DOI: 10.4230/LIPIcs.ITCS.2024.42

Time- and Communication-Efficient Overlay Network Construction via Gossip

Authors: Fabien Dufoulon, Michael Moorman, William K. Moses Jr., and Gopal Pandurangan

Published in: LIPIcs, Volume 287, 15th Innovations in Theoretical Computer Science Conference (ITCS 2024)

Abstract

We focus on the well-studied problem of distributed overlay network construction. We consider a synchronous gossip-based communication model where in each round a node can send a message of small size to another node whose identifier it knows. The network is assumed to be reconfigurable, i.e., a node can add new connections (edges) to other nodes whose identifier it knows or drop existing connections. Each node initially has only knowledge of its own identifier and the identifiers of its neighbors. The overlay construction problem is, given an arbitrary (connected) graph, to reconfigure it to obtain a bounded-degree expander graph as efficiently as possible. The overlay construction problem is relevant to building real-world peer-to-peer network topologies that have desirable properties such as low diameter, high conductance, robustness to adversarial deletions, etc. Our main result is that we show that starting from any arbitrary (connected) graph G on n nodes and m edges, we can construct an overlay network that is a constant-degree expander in polylog rounds using only Õ(n) messages. Our time and message bounds are both essentially optimal (up to polylogarithmic factors). Our distributed overlay construction protocol is very lightweight as it uses gossip (each node communicates with only one neighbor in each round) and also scalable as it uses only Õ(n) messages, which is sublinear in m (even when m is moderately dense).
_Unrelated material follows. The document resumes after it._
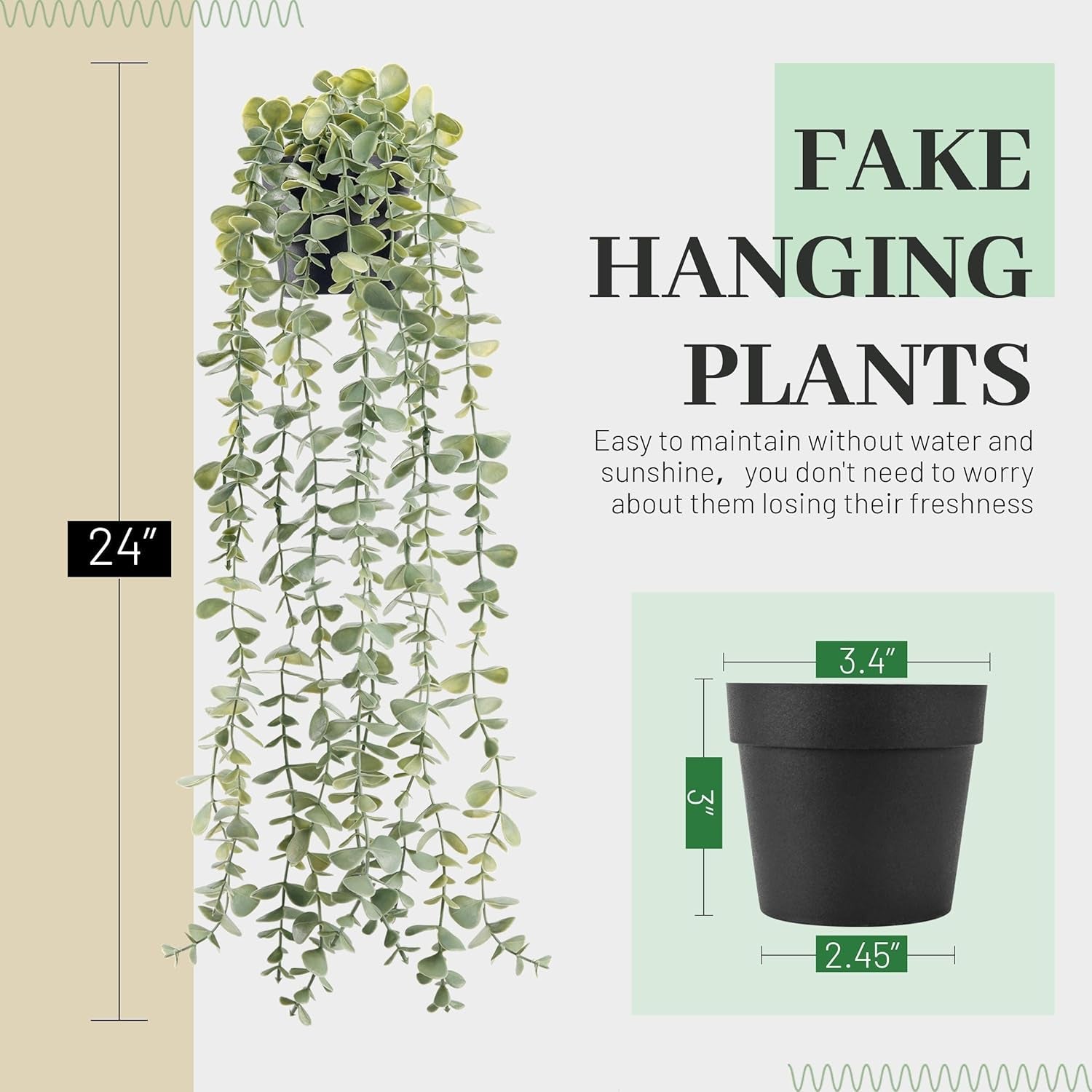1Pcs Fake Plants Hanging Artificial Potted Faux Eucalyptus Plants for Modern Boho Farmhouse Bathroom Office Desk Wall Art Shelf Living Room Aesthetic Decor Indoor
To the best of our knowledge, this is the first result that achieves overlay network construction in polylog rounds and o(m) messages. Our protocol uses graph sketches in a novel way to construct an expander overlay that is both time and communication efficient. A consequence of our overlay construction protocol is that distributed computation can be performed very efficiently in this model. In particular, a wide range of fundamental tasks such as broadcast, leader election, and minimum spanning tree (MST) construction can be accomplished in polylog rounds and Õ(n) message complexity in any graph.

Cite as

Fabien Dufoulon, Michael Moorman, William K. Moses Jr., and Gopal Pandurangan. Time- and Communication-Efficient Overlay Network Construction via Gossip. In 15th Innovations in Theoretical Computer Science Conference (ITCS 2024). Leibniz International Proceedings in Informatics (LIPIcs), Volume 287, pp. 42:1-42:23, Schloss Dagstuhl – Leibniz-Zentrum für Informatik (2024)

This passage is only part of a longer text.